Records supplied section start

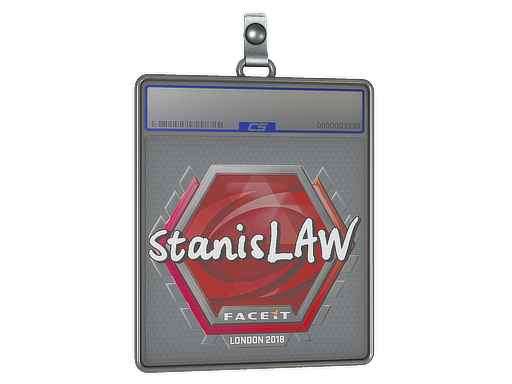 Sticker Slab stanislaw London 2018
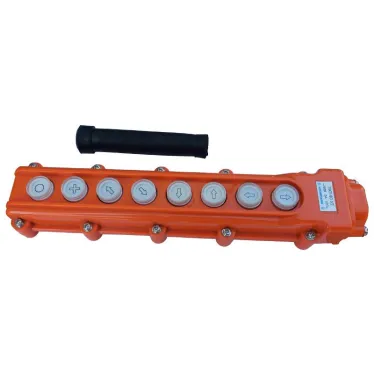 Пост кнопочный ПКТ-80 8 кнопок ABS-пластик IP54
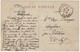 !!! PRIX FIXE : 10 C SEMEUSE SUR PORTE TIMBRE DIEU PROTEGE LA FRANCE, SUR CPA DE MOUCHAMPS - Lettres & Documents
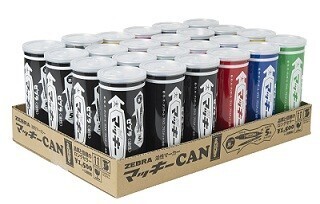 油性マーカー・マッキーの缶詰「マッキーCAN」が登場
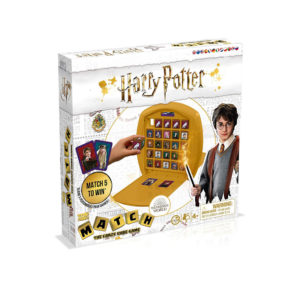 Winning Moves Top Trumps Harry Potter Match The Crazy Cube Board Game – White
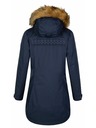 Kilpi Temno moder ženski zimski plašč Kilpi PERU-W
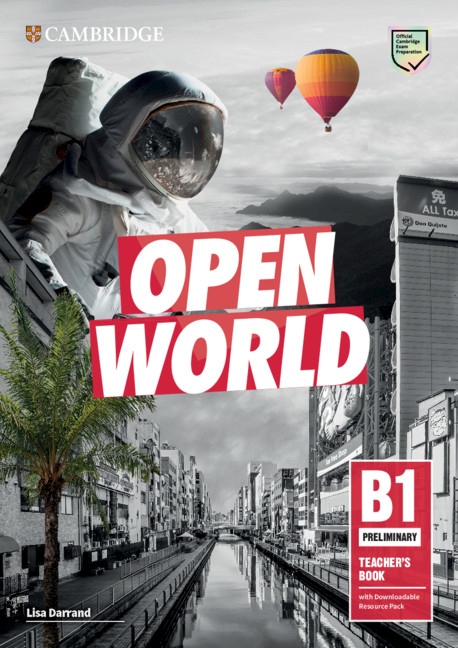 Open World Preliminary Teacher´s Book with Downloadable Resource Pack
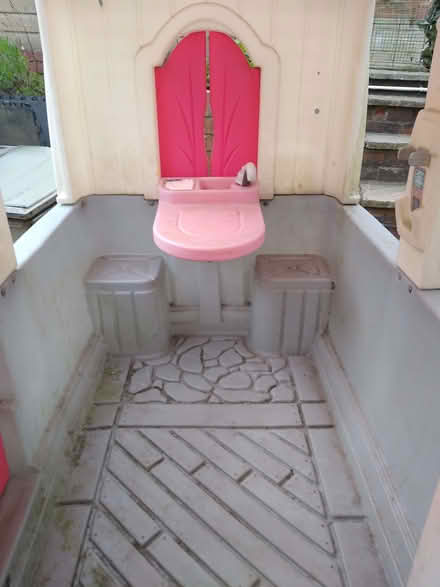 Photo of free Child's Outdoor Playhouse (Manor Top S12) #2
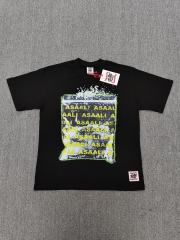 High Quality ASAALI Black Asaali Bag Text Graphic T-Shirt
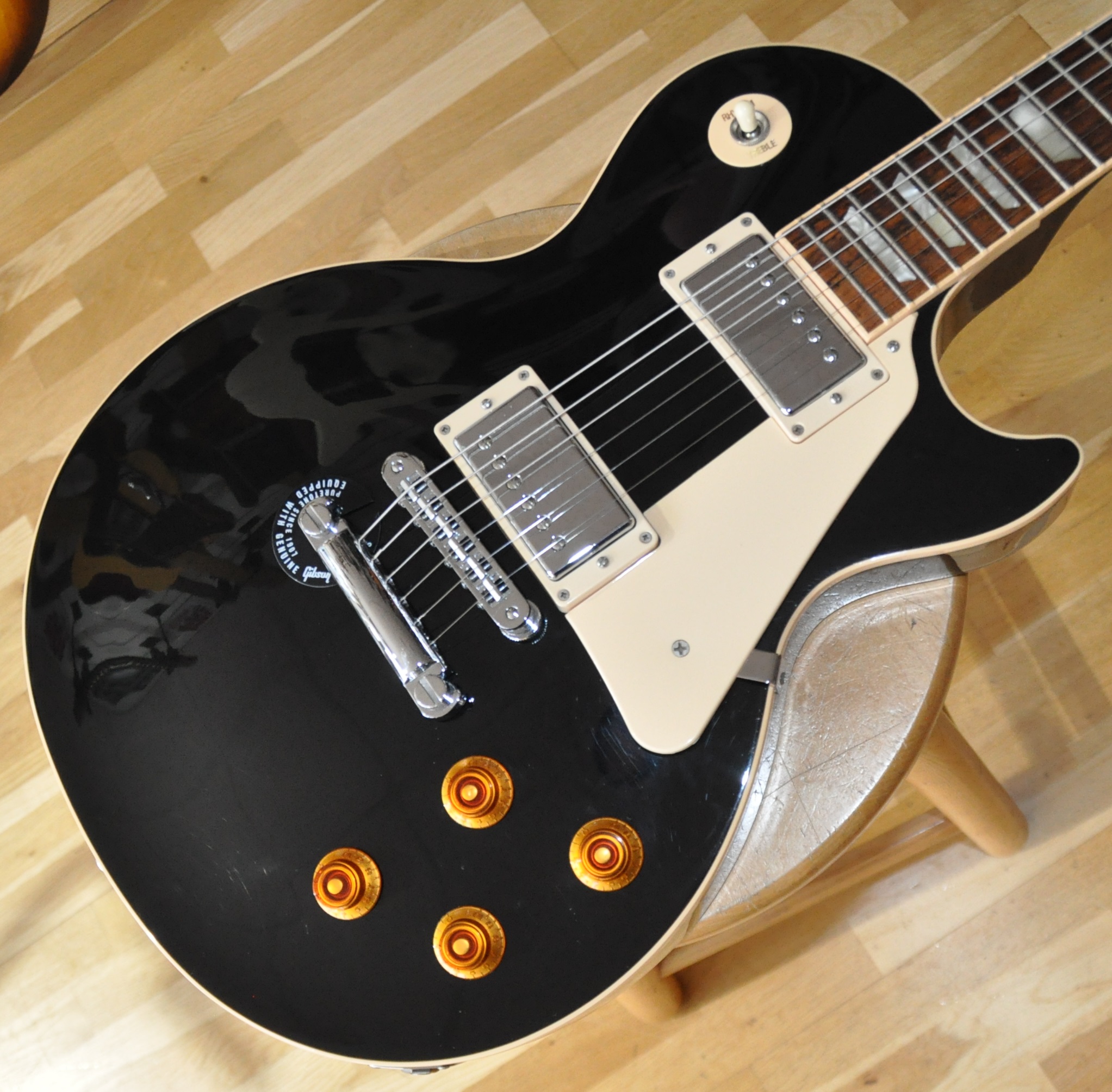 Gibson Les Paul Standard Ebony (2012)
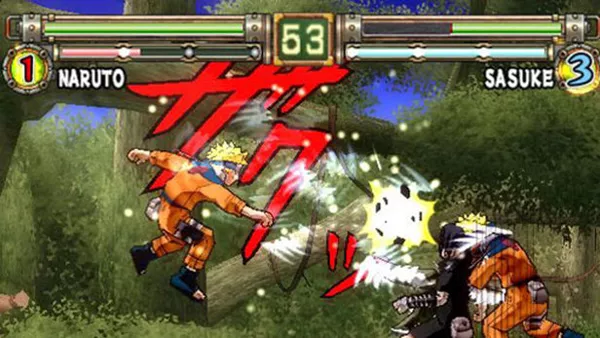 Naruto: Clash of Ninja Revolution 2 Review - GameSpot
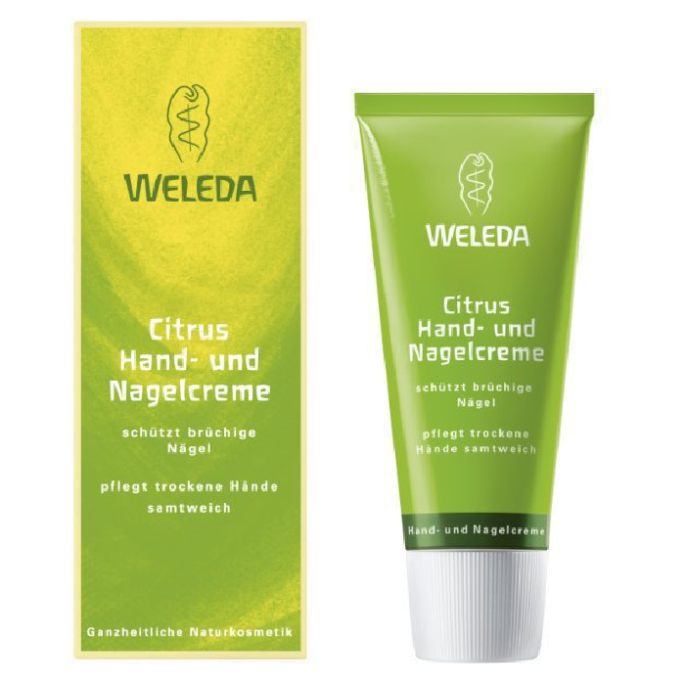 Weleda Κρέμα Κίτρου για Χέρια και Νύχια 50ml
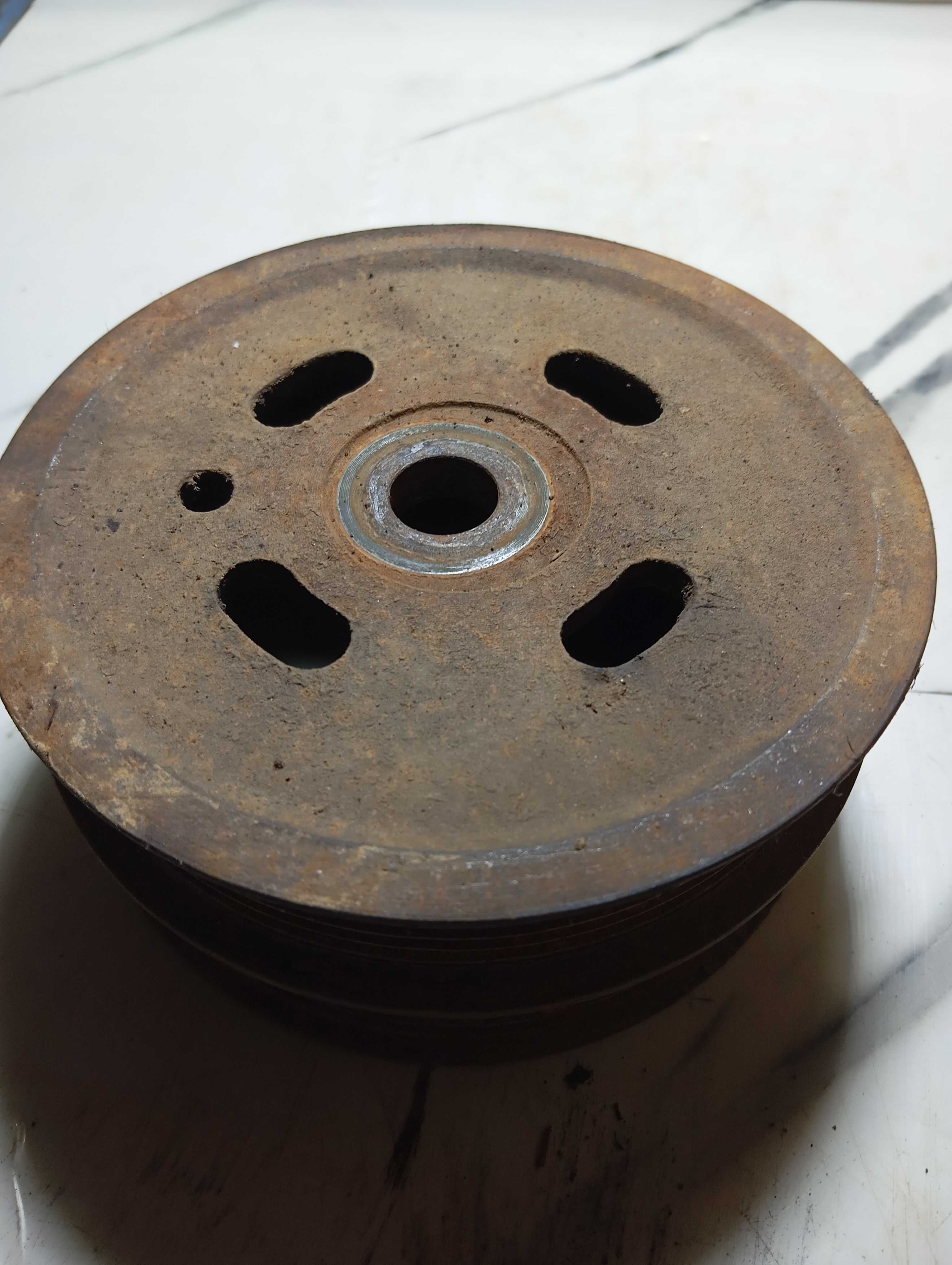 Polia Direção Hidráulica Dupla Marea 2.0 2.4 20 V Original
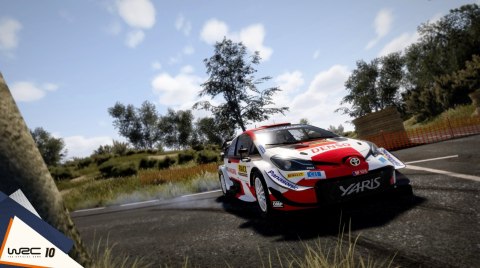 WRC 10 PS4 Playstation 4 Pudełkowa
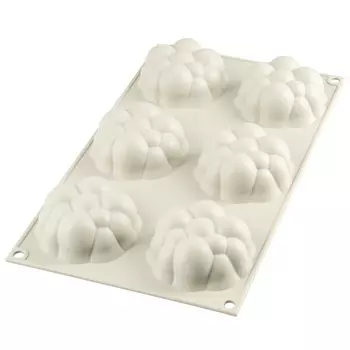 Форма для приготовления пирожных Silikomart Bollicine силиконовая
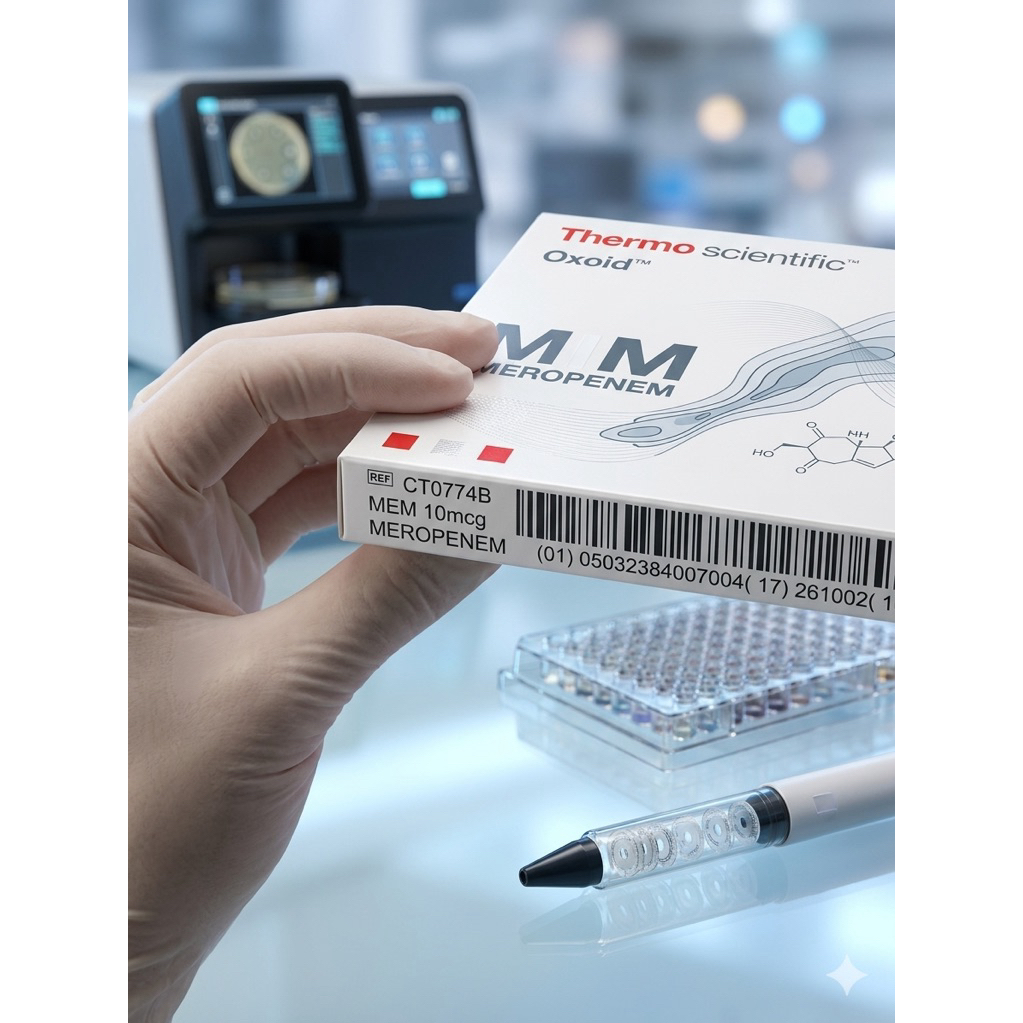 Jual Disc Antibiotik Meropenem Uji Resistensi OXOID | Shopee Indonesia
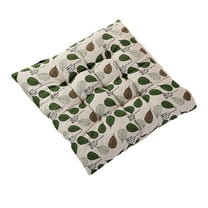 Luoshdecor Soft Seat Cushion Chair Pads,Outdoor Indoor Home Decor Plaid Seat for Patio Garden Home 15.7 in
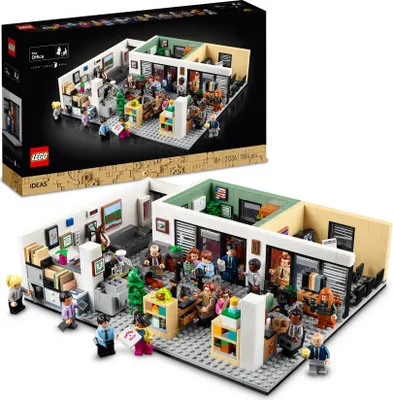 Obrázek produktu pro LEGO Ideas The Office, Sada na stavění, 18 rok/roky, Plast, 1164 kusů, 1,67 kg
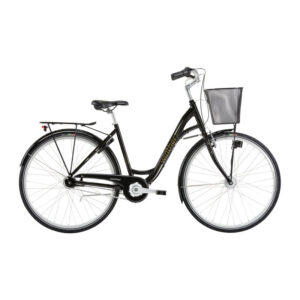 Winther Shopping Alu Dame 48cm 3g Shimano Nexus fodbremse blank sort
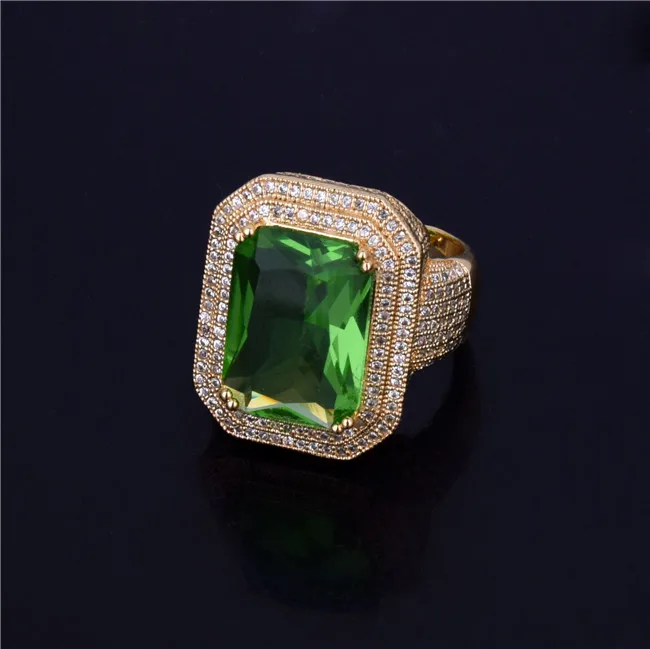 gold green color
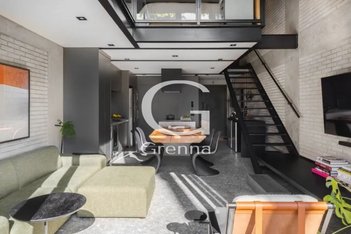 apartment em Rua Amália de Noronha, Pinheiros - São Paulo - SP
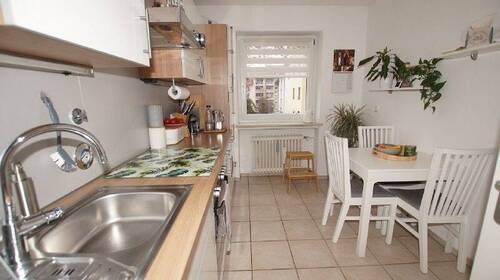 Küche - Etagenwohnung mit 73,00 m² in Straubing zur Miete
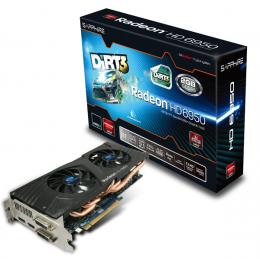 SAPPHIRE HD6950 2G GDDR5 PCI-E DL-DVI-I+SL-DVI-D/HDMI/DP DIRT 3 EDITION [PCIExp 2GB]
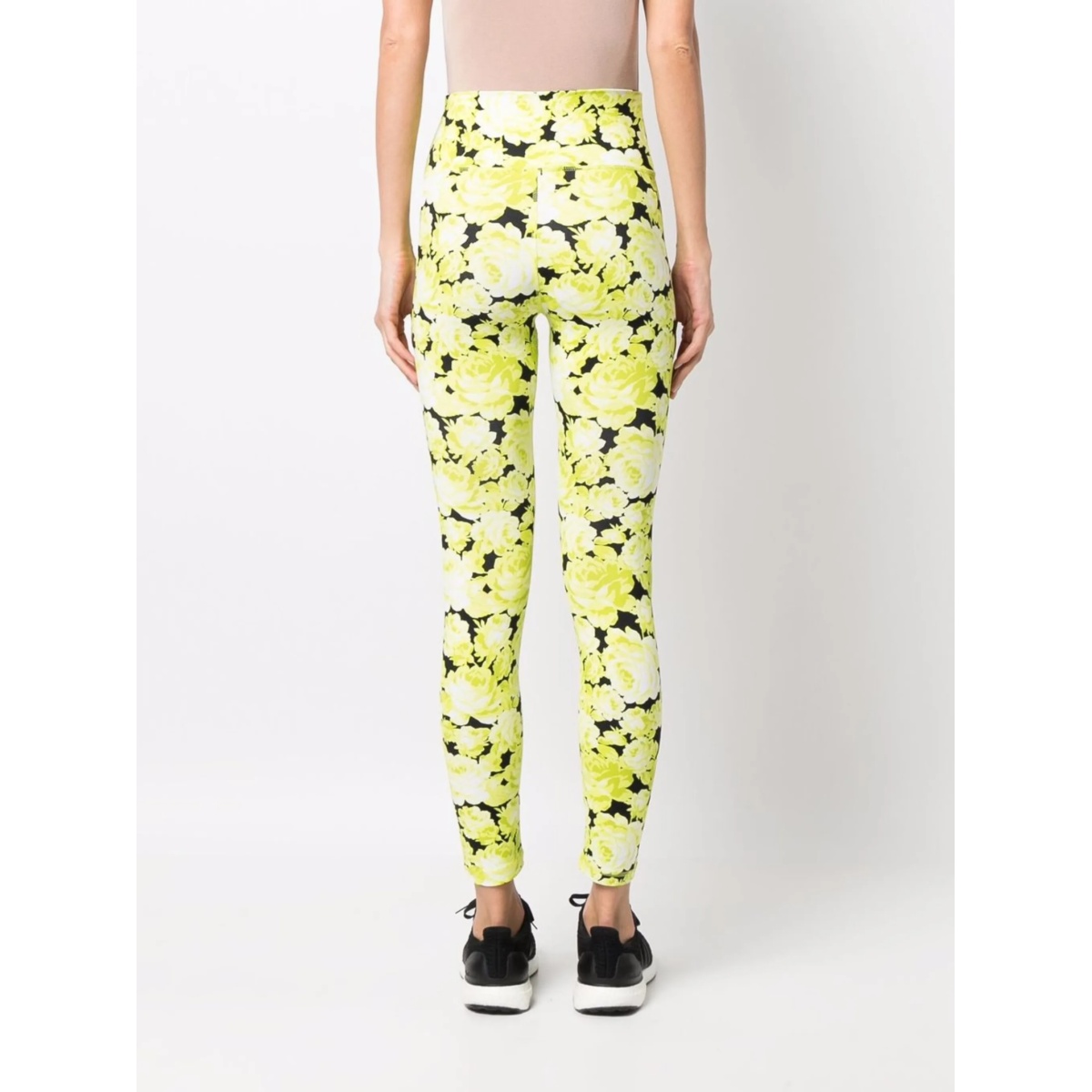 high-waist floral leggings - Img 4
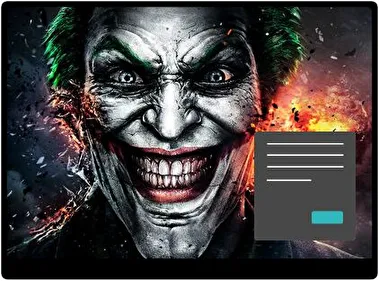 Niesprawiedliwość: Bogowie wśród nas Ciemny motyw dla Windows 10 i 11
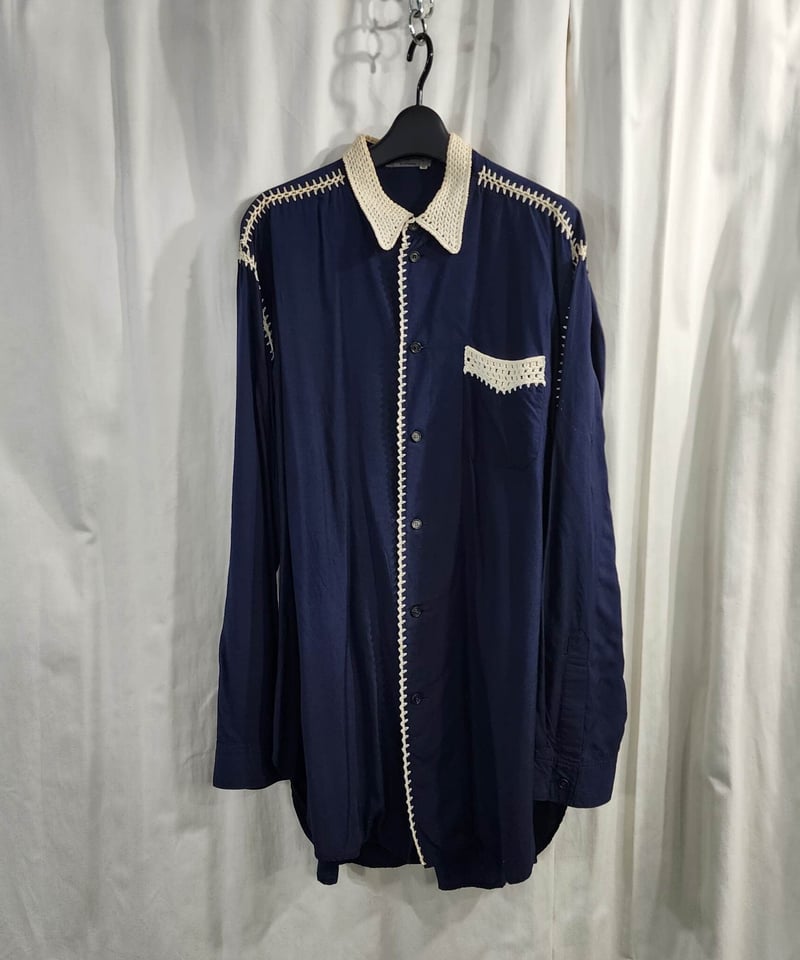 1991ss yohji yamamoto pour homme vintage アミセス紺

Records supplied section end

# [Requirement]
Retype the entries above exactly. Stop after the line containing "Luoshdecor Soft Seat", and omit the pictures.

# [Answer below]
 Sticker Slab stanislaw London 2018
 Пост кнопочный ПКТ-80 8 кнопок ABS-пластик IP54
 !!! PRIX FIXE : 10 C SEMEUSE SUR PORTE TIMBRE DIEU PROTEGE LA FRANCE, SUR CPA DE MOUCHAMPS - Lettres & Documents
 油性マーカー・マッキーの缶詰「マッキーCAN」が登場
 Winning Moves Top Trumps Harry Potter Match The Crazy Cube Board Game – White
 Kilpi Temno moder ženski zimski plašč Kilpi PERU-W
 Open World Preliminary Teacher´s Book with Downloadable Resource Pack
 Photo of free Child's Outdoor Playhouse (Manor Top S12) #2
 High Quality ASAALI Black Asaali Bag Text Graphic T-Shirt
 Gibson Les Paul Standard Ebony (2012)
 Naruto: Clash of Ninja Revolution 2 Review - GameSpot
 Weleda Κρέμα Κίτρου για Χέρια και Νύχια 50ml
 Polia Direção Hidráulica Dupla Marea 2.0 2.4 20 V Original
 WRC 10 PS4 Playstation 4 Pudełkowa
 Форма для приготовления пирожных Silikomart Bollicine силиконовая
 Jual Disc Antibiotik Meropenem Uji Resistensi OXOID | Shopee Indonesia
 Luoshdecor Soft Seat Cushion Chair Pads,Outdoor Indoor Home Decor Plaid Seat for Patio Garden Home 15.7 in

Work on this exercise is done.